= What you will do =
Leave every picture out and print exactly the lines that run from the one containing "Y-project 와이 프로젝트 마리 스웻셔츠 상품이미지1" to the end of the listing.
* * * * *
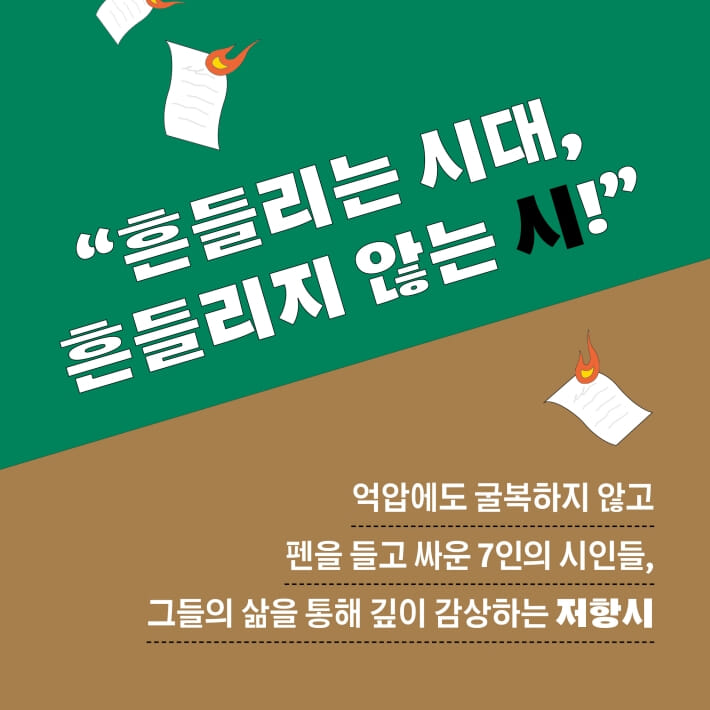 카드뉴스5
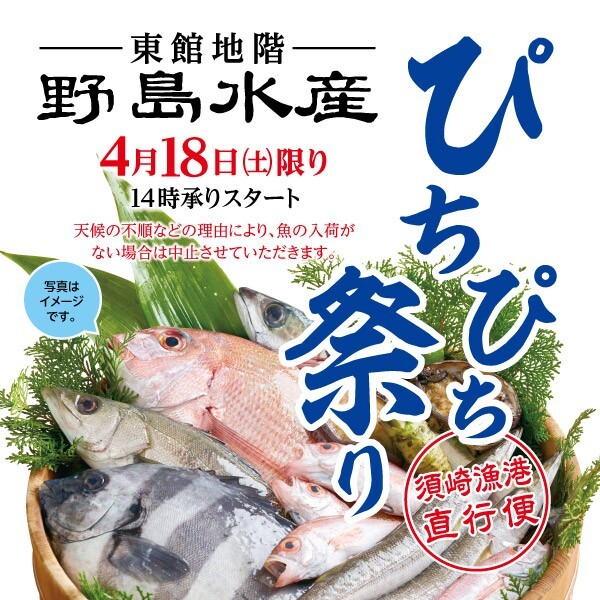 【野島水産】ぴちぴち祭り！★18日(土)限定★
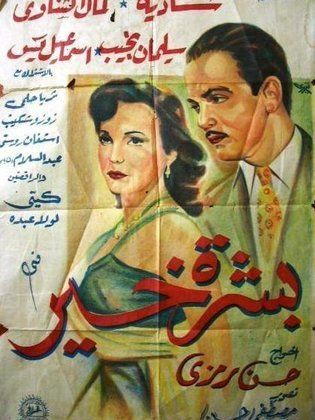 بشرة خير ( 1952 )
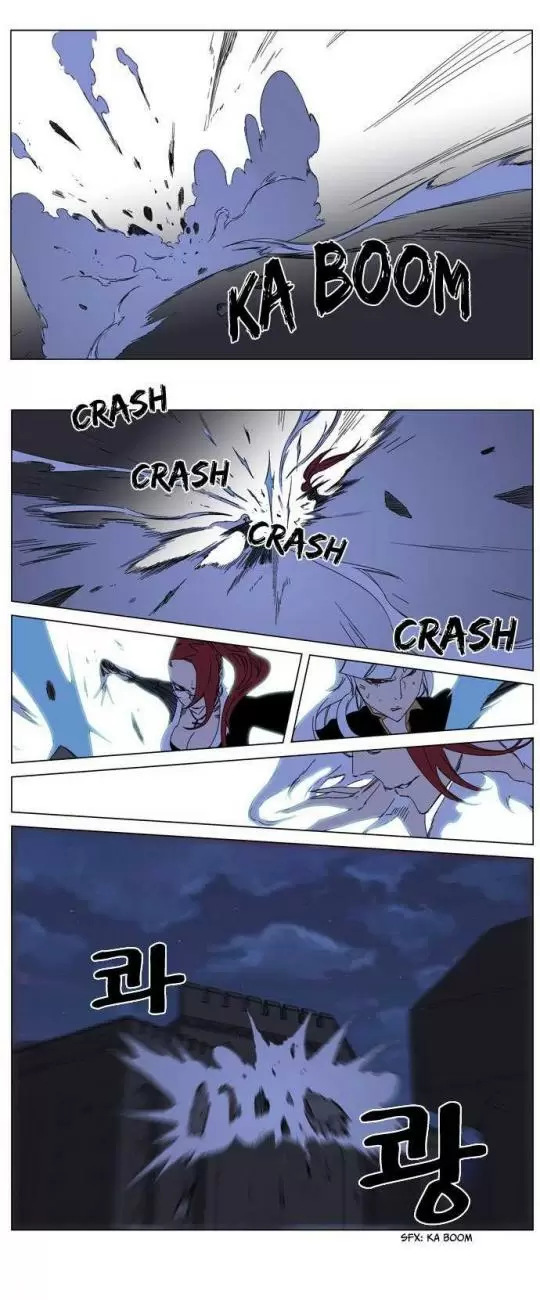 Noblesse - Capítulo 183 - Página 20 - LectorTMOo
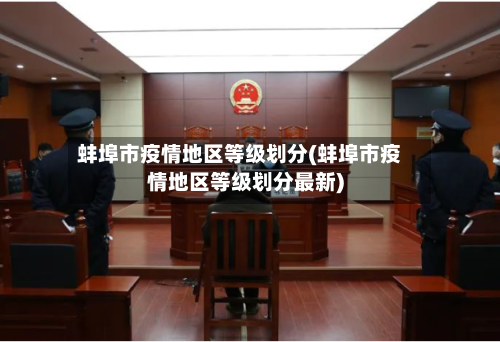 蚌埠市疫情地区等级划分(蚌埠市疫情地区等级划分最新)-第1张图片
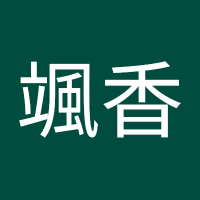 櫻望香 (@aspati7zl) 's Twitter Profile
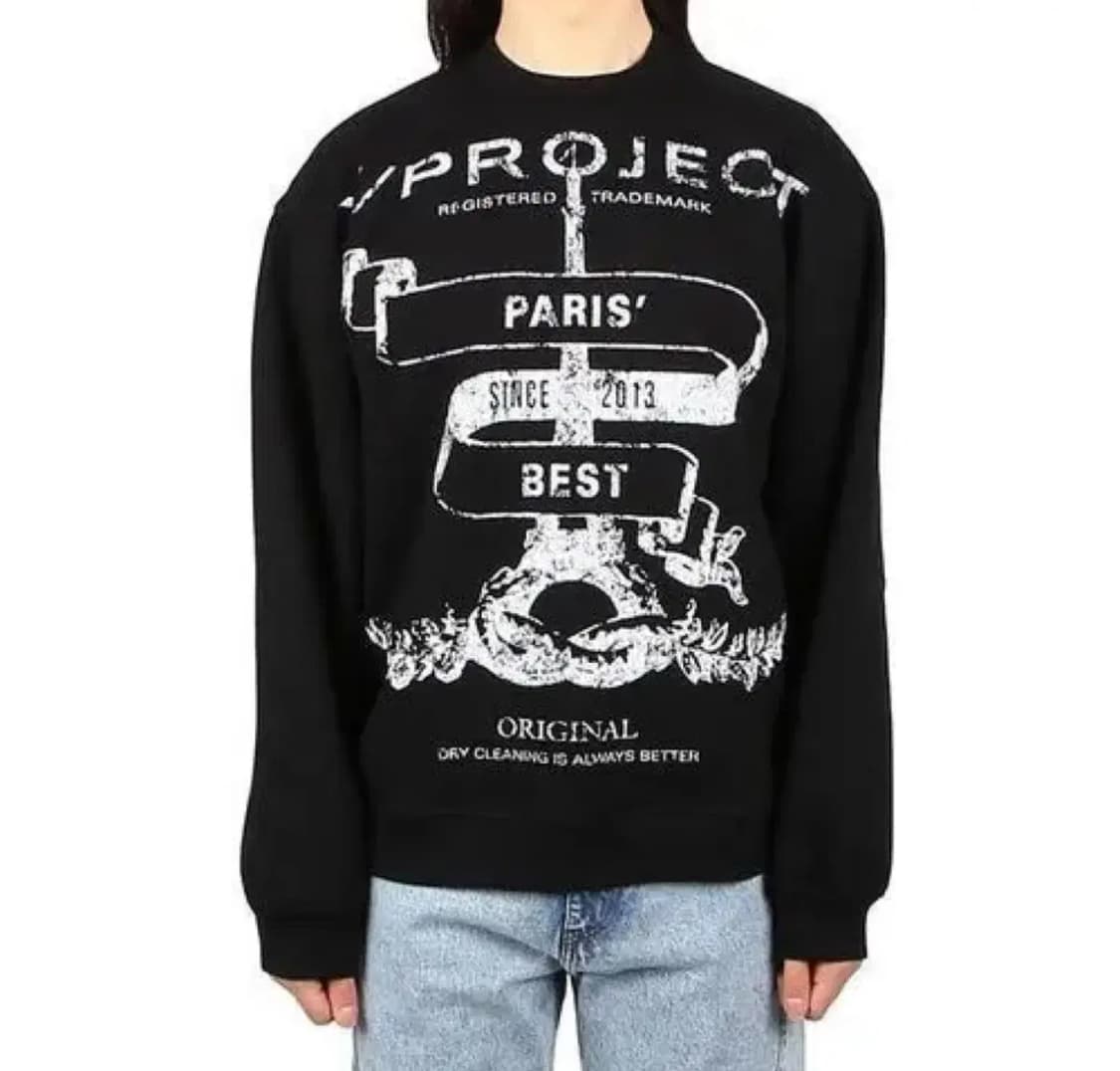 Y-project 와이 프로젝트 마리 스웻셔츠 상품이미지1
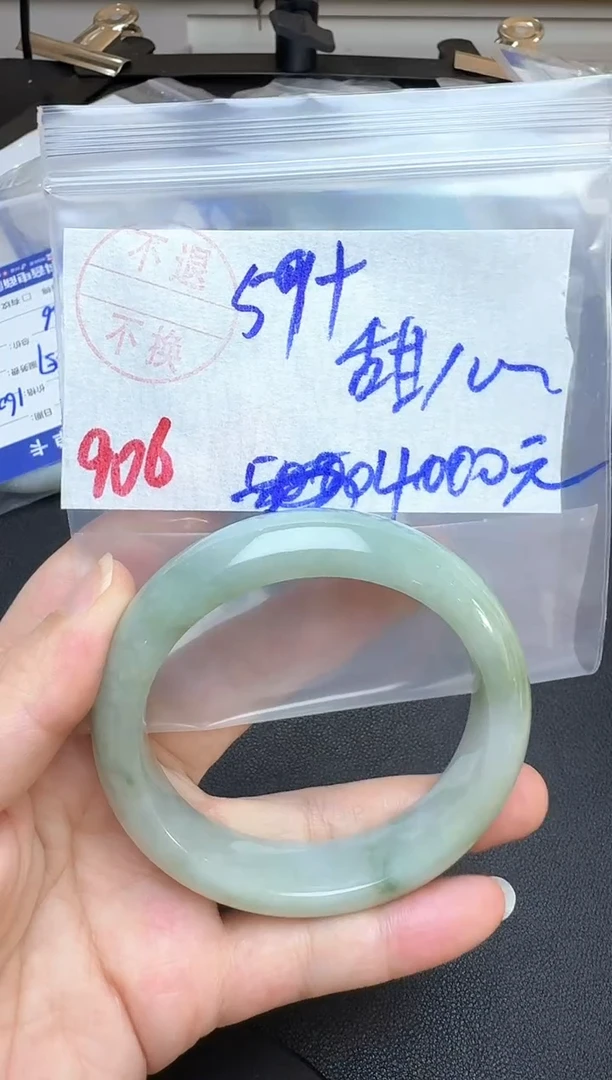 未镶嵌手镯翡翠甜*❤906翡翠
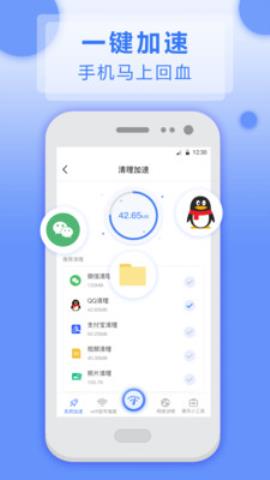 南山WiFi app最新版v1.0.2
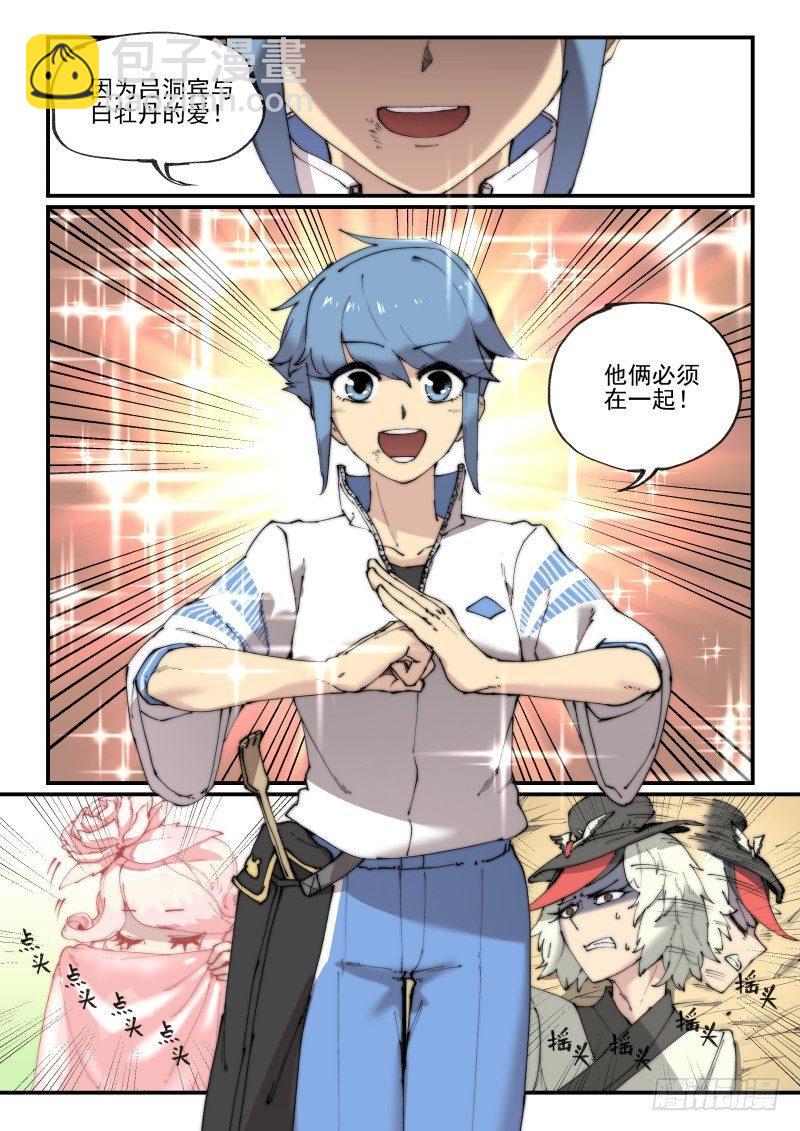 白露之章10（下）-第119话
* * * * *
= Task answer =
 Y-project 와이 프로젝트 마리 스웻셔츠 상품이미지1
 未镶嵌手镯翡翠甜*❤906翡翠
 南山WiFi app最新版v1.0.2
 白露之章10（下）-第119话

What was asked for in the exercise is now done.